What’s Next for Cuts to Agriculture?

November 28, 2011 03:46 AM
 

This week, members of the U.S. congressional supercommittee failed to agree on $1.2 trillion in spending cuts, phased in over 10 years, in an effort to reduce the federal budget deficit. The supercommittee’s failure to come up with a bipartisan reduction plan triggered automatic cuts, which include an estimated $15 billion in spending cuts to agriculture beginning January 2013.

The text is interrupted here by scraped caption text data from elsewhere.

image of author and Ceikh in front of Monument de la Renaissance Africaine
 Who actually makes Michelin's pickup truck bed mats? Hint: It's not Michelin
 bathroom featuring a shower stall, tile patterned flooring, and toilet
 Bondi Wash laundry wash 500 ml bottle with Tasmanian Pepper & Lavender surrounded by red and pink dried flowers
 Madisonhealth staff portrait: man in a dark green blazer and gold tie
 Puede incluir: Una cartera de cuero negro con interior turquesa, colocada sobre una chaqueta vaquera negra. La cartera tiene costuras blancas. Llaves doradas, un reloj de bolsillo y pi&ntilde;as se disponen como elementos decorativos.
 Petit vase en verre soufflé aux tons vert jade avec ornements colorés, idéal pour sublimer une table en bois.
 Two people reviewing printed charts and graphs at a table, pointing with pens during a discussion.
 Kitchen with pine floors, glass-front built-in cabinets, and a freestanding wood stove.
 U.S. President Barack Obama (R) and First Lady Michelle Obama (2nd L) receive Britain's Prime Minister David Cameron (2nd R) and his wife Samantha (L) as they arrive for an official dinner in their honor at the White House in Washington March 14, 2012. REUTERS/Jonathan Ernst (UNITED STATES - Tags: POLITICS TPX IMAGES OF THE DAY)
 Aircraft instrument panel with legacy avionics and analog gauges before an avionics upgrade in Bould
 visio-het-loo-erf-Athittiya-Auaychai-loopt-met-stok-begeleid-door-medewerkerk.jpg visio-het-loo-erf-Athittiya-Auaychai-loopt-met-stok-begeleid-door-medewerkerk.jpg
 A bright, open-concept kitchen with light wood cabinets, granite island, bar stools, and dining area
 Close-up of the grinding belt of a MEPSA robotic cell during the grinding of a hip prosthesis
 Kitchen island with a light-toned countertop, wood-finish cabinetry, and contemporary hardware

While details are still scarce, most of the cuts to agriculture will be made to Title I crop programs. Food stamps and the Conservation Reserve Program are exempt from the automatic cuts.
 
Automatic cuts to agriculture, however, may never go into effect if Congress passes the 2012 farm bill before the current farm bill expires in September 2012.
 
Bipartisan leaders of both the House and Senate Agriculture Committees had agreed to recommend $23 billion in spending reductions to the supercommittee, with $15 billion coming from Title I crop programs and the rest from other crop programs and the Conservation Reserve Program.
 
"We are now back at the beginning of the farm fill process," says Pam Johnson, first vice president of the National Corn Growers Association and a corn grower in Floyd, Iowa. Johnson says that corn growers are ready to take cuts from the direct payments that they receive each year as long as the new farm bill ensures effective and affordable crop insurance and a revenue-based safety net program. Commodity groups want to reallocate some funds from the baseline program to a new revenue-based program that compliments crop insurance.
 
Agricultural trade groups representing 70% of the nation’s field crops sent a joint letter to the agriculture committees on Nov. 15 detailing a joint approach to cutting spending moving forward.
 
"A producer would have to suffer a loss before receiving any payment," says Rob Joslin, chair of the American Soybean Association (ASA), chair of the ASA farm bill task force, and a soybean grower from Sidney, Ohio. "While direct payments are obviously the most WTO–compliant program, they have come under attack. We need to have a defensible program, and we didn’t think we could maintain public support for direct payments in the next farm bill. It was not an easy position to take."
 
Under a revenue-based program, compensation for losses that exceed a certain level would be made only as they are incurred, as opposed to the current direct payment program, under which growers receive payments regardless of whether they produce a crop or incur a loss.
 
This safety net would be based on a formula that uses average prices and average yields for the prior five-year period. "You throw out the high and you throw out the low and use the average of the other three years," Johnson notes. When revenue losses exceed 10% for nonirrigated crops or 5% for irrigated crops, payments would be triggered.
 
"I’m disappointed as a corn grower and I’m certainly disappointed as an American citizen that the supercommittee failed to come up with a solution," Johnson says.
 
Now that the supercommittee has failed to come up with a plan, the risk for agriculture is that the 2012 farm bill could include cuts in excess of the $23 billion recommended by the agriculture committees and might not include the revenue-based program supported by the field crop trade groups.
 
The concern is that instead of a revenue-based program, a target price-based system tied to production (or recoupled), which has the support of some commodities including cotton, could be enacted.
 
"The suggestion has also been made that individual program crops should have their own programs," the ASA wrote in a letter to the ag committees in late September. "This idea does not account for the fact that, when the value of a program is tied to the production of a specific crop, it will directly impact production decisions, both for that crop and for others that a producer grows. For this reason, current farm programs are available to producers of all program crops."
 
One positive outcome of the supercommittee’s failure to act is that there will be time for proper analysis to be done on a new recoupled target price program, Joslin says.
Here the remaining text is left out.